Make a follow-up list
Donors, volunteers, and sponsors need thank-you calls, emails, or cards over the next few days. The morning after the event, sit down and make a list of who needs follow-up communications. If you need help prioritizing follow-ups, try using this 10-3-1 plan our friend Dave at Bold Leading shared with us. Choose 10 people who get a call, 3 people who need a card or note, and 1 person that gets an in-person meeting. By splitting up and prioritizing your list, follow-ups will be easy to manage!
Review your ROI
When all the vendors are paid and all donations are processed, it’s time to calculate your ROI (if you’re not familiar with the term, “ROI” means “return on investment”). In the simplest situations, you’ll compare the amount you spent (the “investment”) to the amount you raised (the “return”).
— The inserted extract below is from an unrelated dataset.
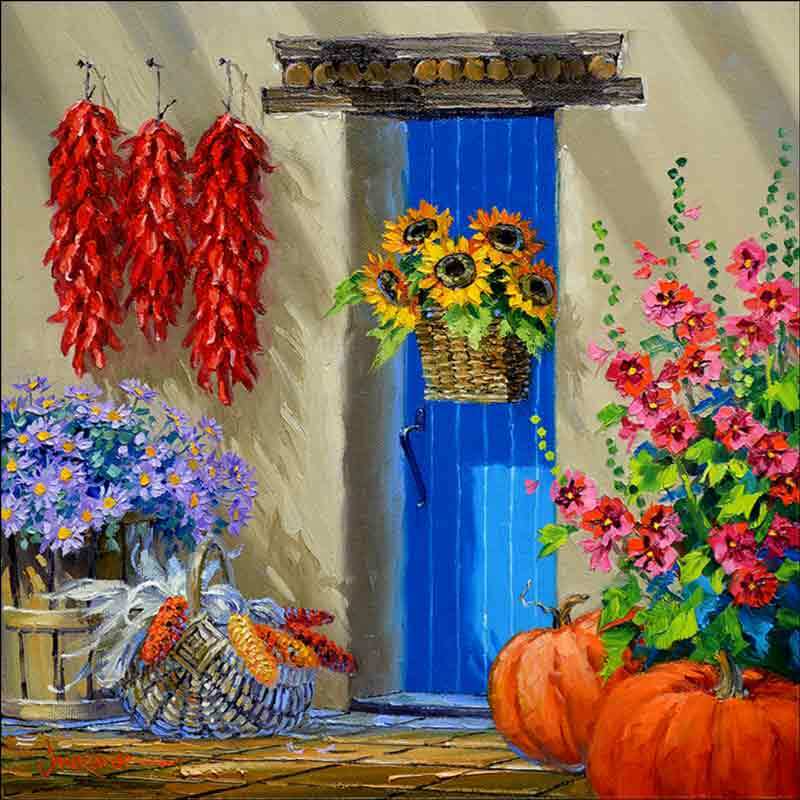 Home Accent & Decor Tile Mikki Senkarik Southwest Art MSA250AT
You’ll want your return to be higher than your investment. How much higher is up to you and your development team. If your event was a pure fundraising event, a higher ROI is your goal. If it’s an event wherein fundraising is secondary to, say, cultivating relationships with major donors, a lower ROI may be acceptable.
When calculating your ROI, be sure you consider non-monetary investments, too. You might get a decent ROI when you compare your expenditures to your intake. But how does your ROI look if you consider your staff’s time? Your event may have a positive ROI, but that ROI may seem less impressive if your entire staff spent the majority of their time working on the event and not on other fundraising activities.
Having a solid grasp of your ROI will help you determine whether or not your event was a success. It’ll also help you pinpoint where you can improve next year’s event… or whether or not you should hold next year’s event at all!
Taking time to celebrate your wins is so, so important. Burnout is a huge problem in the nonprofit sector. And for good reason! Nonprofits work hard to solve huge, global problems. The to-do lists can feel never-ending. Budgets are small and goals are big. It can feel overwhelming!
That’s why celebrating your wins is such a big deal. It prevents burnout! So take time to review your successes, dwell on how great your event was, and linger over what you can accomplish with the money you raised. You did it—congratulations!
Wrapping up an event can feel like a chore. The adrenaline of planning the event and the blur of executing it has worn off. But taking time to make a follow-up plan, evaluating your ROI, and celebrating your accomplishments are all important. At the end of the process, you’ll be ready to start planning your NEXT event!